Researchers have discovered a new tool for medical professionals that may help shed more light on tumours in the body and how the brain operates.
Purdue University researchers created technology that uses optical imaging to aid surgeons map out tumours in the body and help them understand how certain diseases affect activity in the brain. The work is published in the journal IEEE Transactions on Medical Imaging.
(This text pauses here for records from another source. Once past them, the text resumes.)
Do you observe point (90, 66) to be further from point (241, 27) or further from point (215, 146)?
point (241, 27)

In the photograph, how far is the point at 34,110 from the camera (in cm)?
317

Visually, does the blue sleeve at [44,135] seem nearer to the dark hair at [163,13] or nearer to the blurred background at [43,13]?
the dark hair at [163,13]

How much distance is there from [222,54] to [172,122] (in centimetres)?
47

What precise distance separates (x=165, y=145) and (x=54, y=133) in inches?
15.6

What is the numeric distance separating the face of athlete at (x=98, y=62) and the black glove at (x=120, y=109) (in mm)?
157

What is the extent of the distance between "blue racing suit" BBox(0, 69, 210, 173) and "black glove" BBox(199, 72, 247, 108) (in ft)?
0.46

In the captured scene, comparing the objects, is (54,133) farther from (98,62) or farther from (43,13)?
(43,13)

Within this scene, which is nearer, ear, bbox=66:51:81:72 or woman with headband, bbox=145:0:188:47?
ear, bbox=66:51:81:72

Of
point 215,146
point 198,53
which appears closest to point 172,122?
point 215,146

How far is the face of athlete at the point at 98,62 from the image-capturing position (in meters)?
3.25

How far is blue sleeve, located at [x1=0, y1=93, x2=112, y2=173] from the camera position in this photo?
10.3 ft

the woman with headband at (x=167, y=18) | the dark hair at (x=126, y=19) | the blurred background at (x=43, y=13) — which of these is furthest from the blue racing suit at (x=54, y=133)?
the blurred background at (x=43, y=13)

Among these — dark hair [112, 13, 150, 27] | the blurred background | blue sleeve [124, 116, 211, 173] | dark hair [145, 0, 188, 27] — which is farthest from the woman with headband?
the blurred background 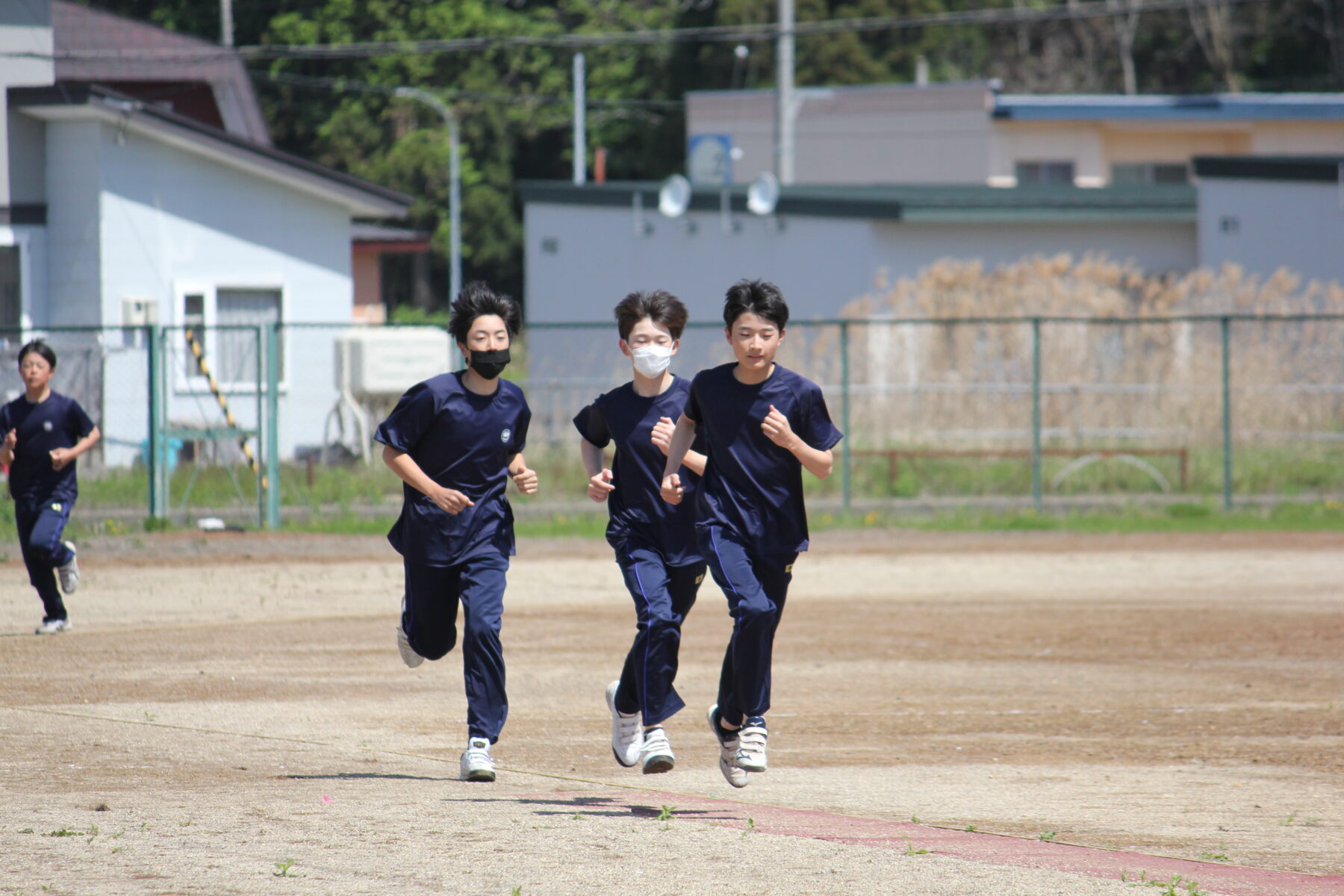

"We are using light to extract new information from tissue to inform doctors and assist them in designing and carrying out surgeries to remove tumours," said Brian Bentz, a Purdue alumnus, who worked on the technology with Kevin Webb, a professor of electrical and computer engineering at Purdue.
"It is a localisation method where our technology helps the surgeon pinpoint precise information about the depth and location of tumours. Such information is not easily accessible with current technologies," Bentz added.
The Purdue technology uses contrast in the absorption of light and fluorescent agents that are introduced into the body to find tumours and/or blood vessels within the tissue. The same technology can be used to study neuron activation in the brain, which can help doctors detect diseases such as Parkinson's.
Bentz said that the Purdue technology overcomes one of the major challenges with fluorescence imaging -- the light becomes highly scattered and that limits the information a surgeon receives.
"Our technology aims to provide more detailed information about tumours for surgeons and neuron activity in the brain, both of which can improve outcomes for patients," Bentz added.
The innovators are working with the Purdue Research Foundation Office of Technology Commercialisation to patent the technology.